Carcere per i giornalisti, la Corte Costituzionale rinvia al Parlamento
Il Parlamento ha un anno di tempo per decidere se abolire il carcere per i giornalisti e per attuare, se davvero lo vuole, una serie riforma contro le querele bavaglio. Finisce così, con un rinvio molto significativo, il primo round davanti alla Corte Costituzionale.
Udienza seguita in diretta dal segretario della Fnsi, Raffaele Lorusso, e dal segretario dell’Ordine del Giornalisti Guido D’Ubaldo. Collegati da Napoli il segretario del Sugc, Claudio Silvestri e l’avvocato Francesco Paolo Cocchiarelli, che ha sollevato per conto del sindacato l’istanza davanti al Trubunale di salerno per l’applicazione della pena del carcere in relazione al reato di diffamazione contestato ad un giornalista de Il Roma.
In serata la decisione della Corte all’esito dell’esame delle questioni sollevate dai Tribunali di Salerno, appunto, e Bari sulla “legittimità costituzionale della pena detentiva prevista in caso di diffamazione a mezzo stampa, con riferimento, in particolare, all’articolo 21 della Costituzione e all’articolo 10 della Convenzione europea dei diritti dell’uomo”.
In attesa del deposito dell’ordinanza, previsto nelle prossime settimane, l’Ufficio stampa della Corte ha fatto sapere che la stessa “ha rilevato che la soluzione delle questioni richiede una complessa operazione di bilanciamento tra la libertà di manifestazione del pensiero e la tutela della reputazione della persona, diritti entrambi di importanza centrale nell’ordinamento costituzionale. Una rimodulazione di questo bilanciamento, ormai urgente alla luce delle indicazioni della giurisprudenza della Corte europea dei diritti dell’uomo, spetta in primo luogo al legislatore. Poiché sono attualmente pendenti in Parlamento vari progetti di legge in materia, la Corte, nel rispetto della leale collaborazione istituzionale, ha deciso di rinviare la trattazione delle questioni all’udienza pubblica del 22 giugno 2021, per consentire alle Camere di intervenire con una nuova disciplina della materia. In attesa della futura decisione della Corte, restano sospesi i procedimenti penali nell’ambito dei quali sono state sollevate le questioni di legittimità discusse oggi”.

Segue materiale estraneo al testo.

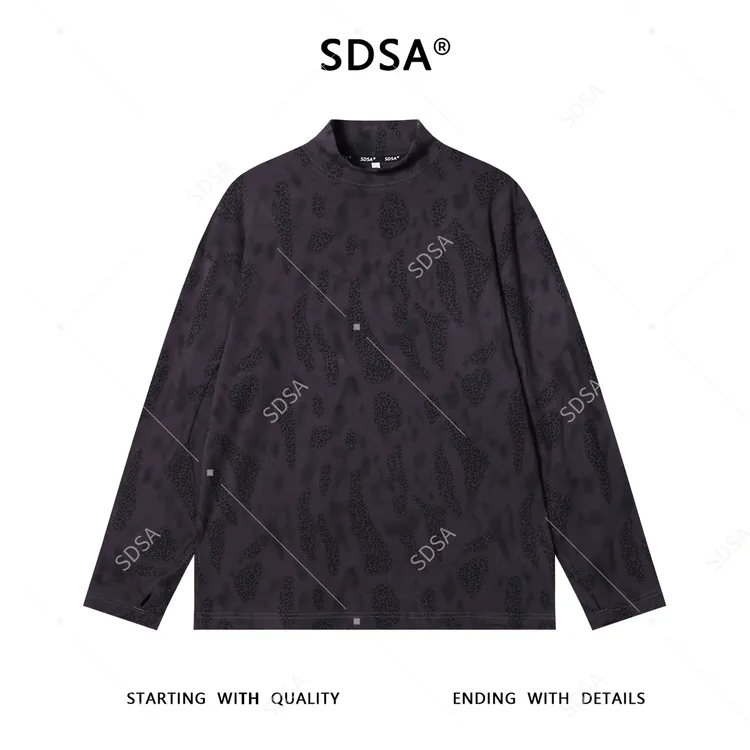 SDSA男士秋冬新款痞帅男装美式扎染豹纹印花半高领长袖T恤时尚潮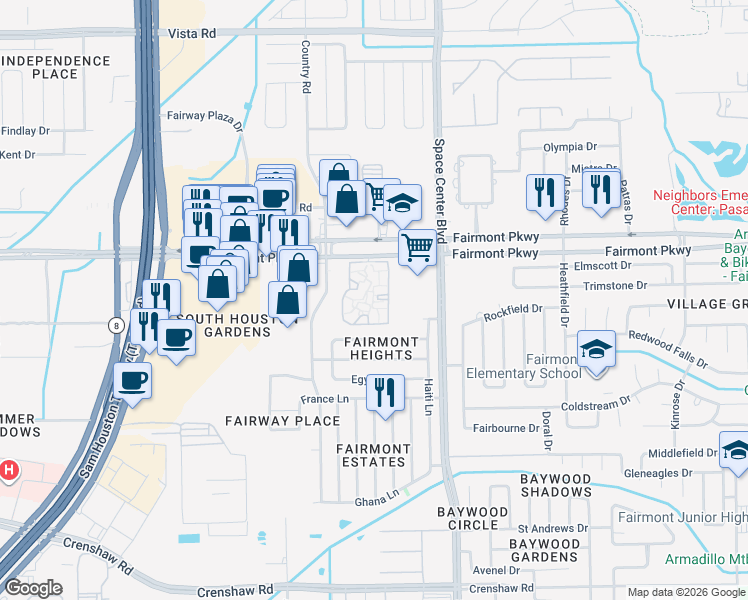 map of restaurants, bars, coffee shops, grocery stores, and more near 6060 Fairmont Parkway in Pasadena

Un’indicazione che andava esattamente in questa direzione era stata data nella memoria depositata per la Federazione Nazionale della Stampa Italiana dall’avvocato Giulio Vasaturo, nella parte in cui si sostiene che “la questione di costituzionalità attiene a scelte normative consapevolmente operate dal nostro legislatore, con l’articolo 595 del codice penale Rocco del 1930 e successivamente con l’articolo 13 della legge sulla stampa del 1948. Il Parlamento, chiamato ad affrontare in più occasioni la problematica non ha mai trovato al proprio interno un consenso idoneo a favorire la necessaria e improcrastinabile modifica legislativa. Attualmente la questio iuris è al vaglio delle Camere ove pende il disegno di legge AS182 di iniziativa del senatore Caliendo, volto alla abolizione della pena carceraria per il reato di diffamazione a mezzo stampa di cui agli artt. 595 c.p. ed art. 13 n. 47/1948. Nell’ipotesi in cui codesto collegio fosse indotto a ritenere che ‘la soluzione del quesito di legittimità coinvolga l’incrocio di valori di primario rilievo, il cui compiuto bilanciamento presuppone, in via diretta ed immediata, scelte che anzitutto il legislatore è abilitato a compiere’, la Fnsi chiede a codesta Ecc.ma Corte di adottare, per le ragioni sopra esposte ed ‘in spirito di leale e dialettica collaborazione istituzionale’, una ‘ordinanza di incostituzionalità prospettata’ (o ‘ordinanza interlocutoria’ o ‘ordinanza di incostituzionalità differita’), analogamente a quanto disposto per il noto provvedimento della Corte costituzionale 24.10.2018, dep. 16.11.2018, n.207 (caso Cappato-Antonini). In tal modo, sarà il parlamento – nei termini previsti dal rinvio funzionale disposto da codesta ecc.ma Corte – a dover regolare la complessa materia, conformandosi alle prescrizioni indicate da codesto Collegio e dalla Corte Europea dei diritti dell’uomo”.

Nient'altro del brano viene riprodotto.